- PROBLEM: Only one stretch of the data below is wanted: the lines from the one with "Cushion Cover for" through the one with "Robot king logo design tech", repeated exactly.

- MATERIALS PROVIDED:
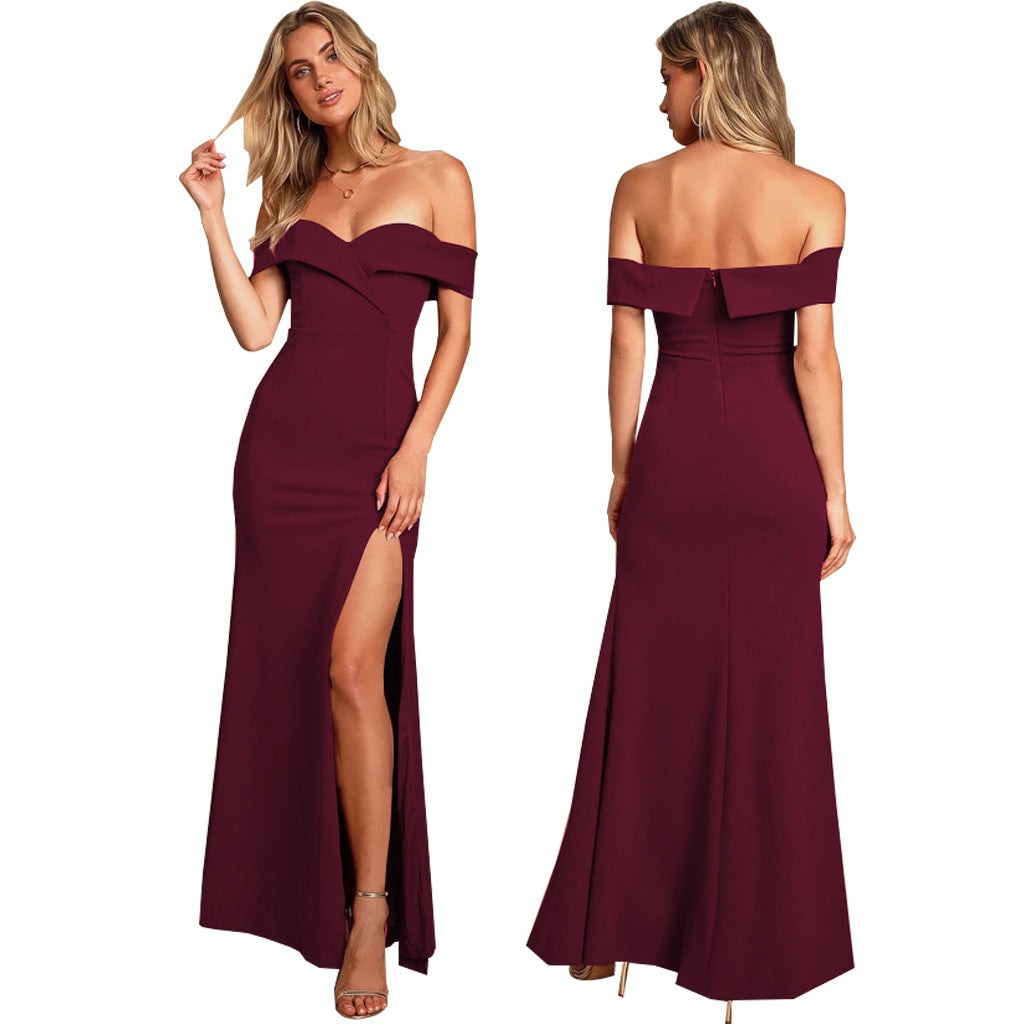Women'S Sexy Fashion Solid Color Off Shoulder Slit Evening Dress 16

==

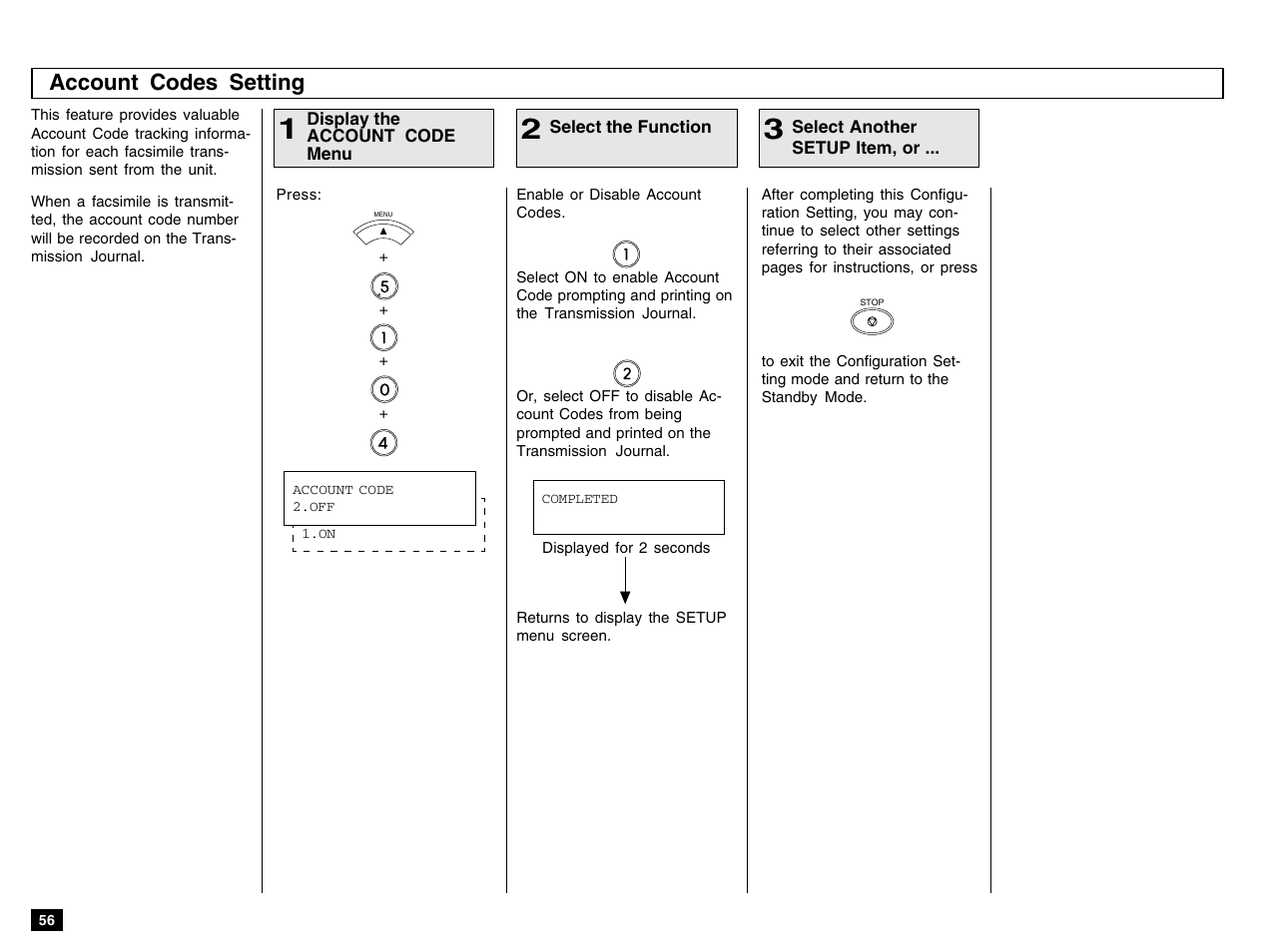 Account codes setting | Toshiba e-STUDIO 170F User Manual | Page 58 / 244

---

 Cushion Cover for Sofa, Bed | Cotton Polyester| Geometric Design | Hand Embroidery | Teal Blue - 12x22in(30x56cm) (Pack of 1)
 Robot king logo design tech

- RESULT FOR THIS TASK:
 Cushion Cover for Sofa, Bed | Cotton Polyester| Geometric Design | Hand Embroidery | Teal Blue - 12x22in(30x56cm) (Pack of 1)
 Robot king logo design tech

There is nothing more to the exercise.